▶ _GOAL OF THE EXERCISE_
Begin at the line containing "Here's a question: does" in the entries below and end at the line containing "Next is match"; transcribe that range exactly and nothing outside it.

▶ _INPUT FOR THIS TASK_
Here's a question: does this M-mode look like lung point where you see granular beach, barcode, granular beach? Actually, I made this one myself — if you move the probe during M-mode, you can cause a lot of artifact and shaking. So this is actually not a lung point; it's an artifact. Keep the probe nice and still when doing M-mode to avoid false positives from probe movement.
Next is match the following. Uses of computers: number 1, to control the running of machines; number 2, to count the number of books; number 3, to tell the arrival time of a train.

==

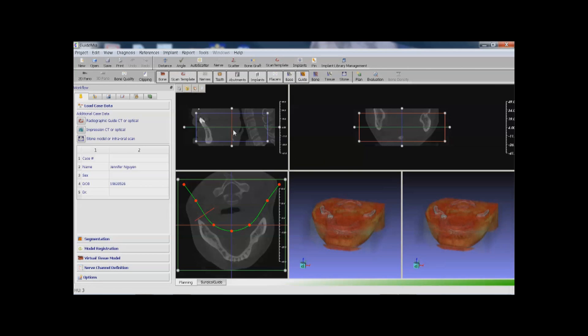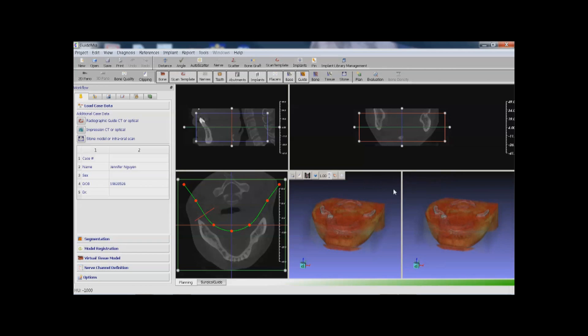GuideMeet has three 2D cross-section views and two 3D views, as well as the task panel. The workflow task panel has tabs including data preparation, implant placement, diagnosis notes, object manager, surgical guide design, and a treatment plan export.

---

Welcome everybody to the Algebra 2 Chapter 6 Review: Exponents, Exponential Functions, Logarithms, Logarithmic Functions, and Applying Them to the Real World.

▶ _ANSWER TO THIS EXERCISE_
Here's a question: does this M-mode look like lung point where you see granular beach, barcode, granular beach? Actually, I made this one myself — if you move the probe during M-mode, you can cause a lot of artifact and shaking. So this is actually not a lung point; it's an artifact. Keep the probe nice and still when doing M-mode to avoid false positives from probe movement.
Next is match the following. Uses of computers: number 1, to control the running of machines; number 2, to count the number of books; number 3, to tell the arrival time of a train.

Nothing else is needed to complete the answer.